The Bruins. Shoot score Bobby Orr!

  What does the skull mean on "Back to Skull" and "John Henry"?

 We generally prefer not to decide what things like that mean. The skull was chosen as an element on the cover art partly to offset the adorable cuteness of the kids. The effect of the whole thing seemed right, for reasons hard to put into words.

  Who were the old guys in your "They'll Need A Crane" video?

 They are professional old guys. The drummer worked for Frank Sinatra in the 50s. The bass player has retired from music and currently writes crosswords for the Daily News, and the keyboard guy is an actor.

  What did you guys do before you started your band?

 Among other things, Linnell worked for an audio visual company and Flansburgh did paste up and design work for publishing companies.

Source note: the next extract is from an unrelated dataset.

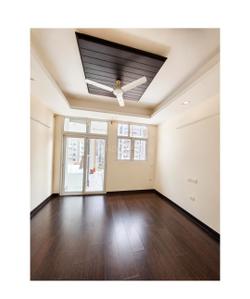 Bedroom Image of 3700 Sq.ft 4.5 BHK Penthouse for rent in Mahagun Maestro, Sector 50 Noida for Rs. 110000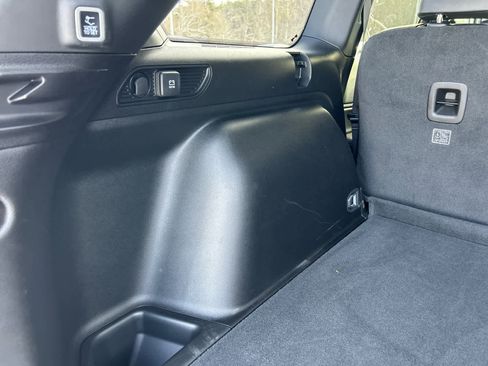 Used 2025 Jeep Grand Cherokee Altitude image 52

  There is a song on Dial-A-Song that isn't a song, it's some woman interviewing you, asking you questions about you two living like pigs and your music being compared with Nazi Germany in the 1940s. How did that originate?

 The recording you heard was an excerpt from a promotional tape we made in 1985 which was a fake interview interspersed with real songs by TMBG. The voice of the interviewer was our friend Jennifer Neff.

  How is life different for you now that you are internationally famous in comparison with when you weren't? How have your attitudes changed about music, fans, etc.?

Well, ah, first of all, we don't walk around feeling internationally famous. For the most part I feel like we are on the same life course we were on before we made records, though we've certainly grown up a bunch since we started the band in '83. Our values and goals for the band have always been more personal than professional for us. I don't think we've taken anything for granted in terms of what this level of public exposure would afford us.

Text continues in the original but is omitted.